E aprendem que Deus fala no silêncio, e que no silêncio está mais perto do que nunca! Durante a subida a Jerusalém, Jesus anuncia três vezes aos seus discípulos a necessidade da paixão e morte, eventos estreitamente ligados à Ressurreição, à intervenção do Pai, que chamará o seu Filho amado dentre os mortos: "O Filho do Homem deve padecer muitas coisas, ser crucificado e ressuscitar ao terceiro dia!" Uma esperança que os discípulos sentiam aflorar nos lábios de Jesus, mas que por ora não compreendiam. Mas com o alvorecer do terceiro dia, o anúncio da Páscoa ressoa entre as mulheres discípulas, e desde então, a esperança triunfa num cântico paralelo ao Cântico do Mar: "É verdade! O Senhor ressuscitou e já apareceu a Simão! " (Lucas 24,34).

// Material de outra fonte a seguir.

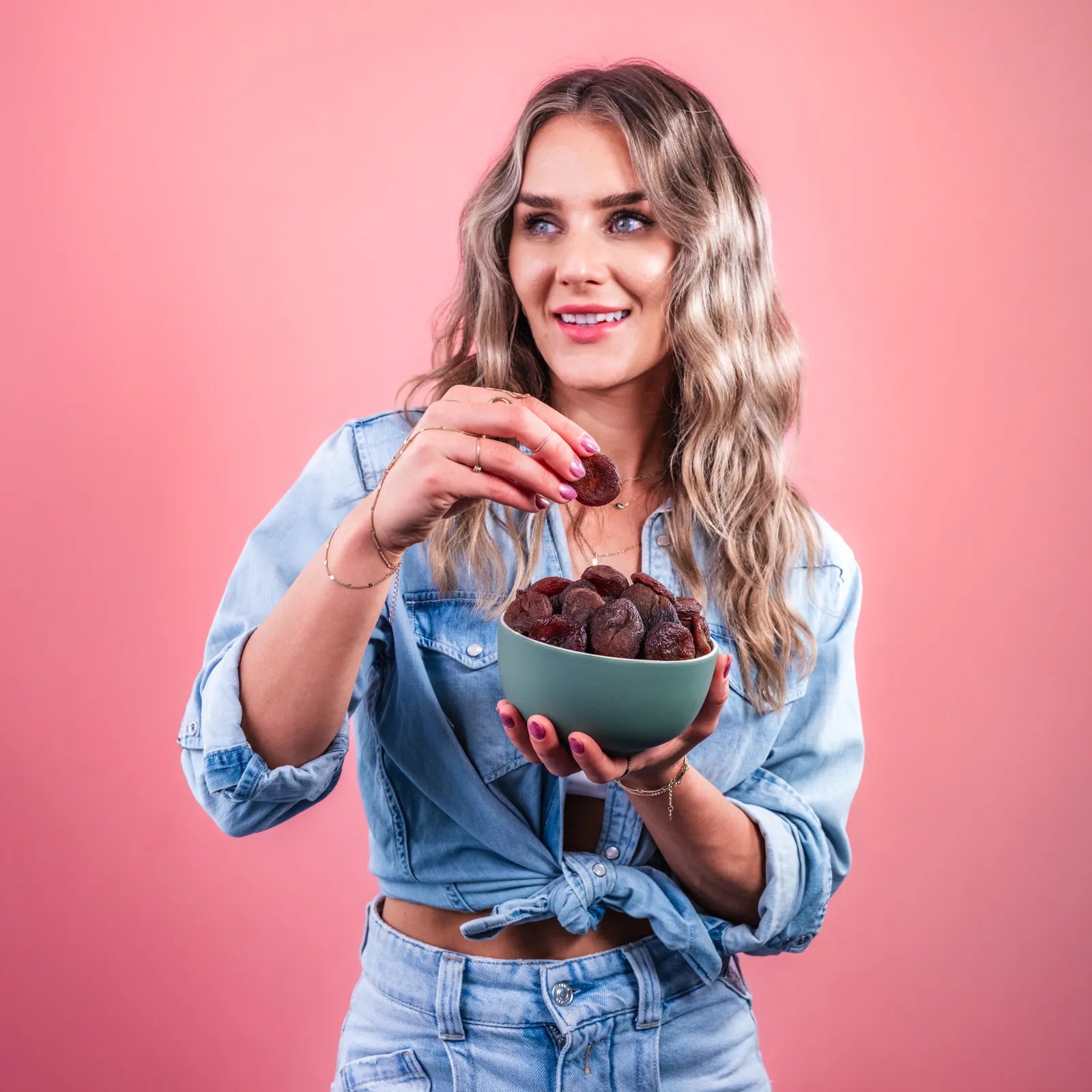 Marhule prírodné NESÍRENÉ č. 1 VEĽKÉ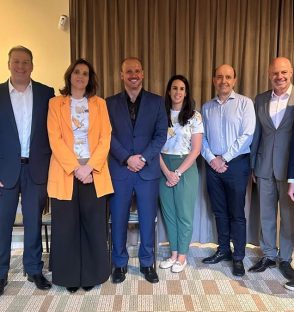 Resorts Brasil apresenta nova diretoria para 2026/2027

Cristo é a única e verdadeira esperança dos discípulos e de todo o cosmos. Ele é a fonte da nossa esperança, que, na sua extrema impotência, é a esperança da ressurreição dentre os mortos. Se Cristo ressuscitou dentre os mortos, todos nós ressuscitaremos depois dele. Essa é a esperança cristã: a morte será vencida, o Reino será aberto, habitaremos na Jerusalém celestial em comunhão com os santos, e Deus será tudo em todos! Essa esperança de que a morte não é a última palavra é a diferença cristã em relação aos outros homens: comunicar-lhes esperança significa comunicar que o amor por eles vividos vence a morte; devem estar sempre cientes disso.

Isso me parece ser a única dívida, a única mensagem que nós podemos oferecer, se for acolhida, aos não-cristãos. E podemos oferecê-la não apenas anunciando o amor, mas amando concretamente. Ousamos tão pouco amar! Tão pouco que o amor não é crível e, portanto, incapaz de vencer a morte. Mas a esperança é dom do Espírito Santo: em sua kenosis nos corações dos homens, abre uma fresta de luz, dissipa as trevas e permite que germine a esperança da ressurreição, da vida eterna.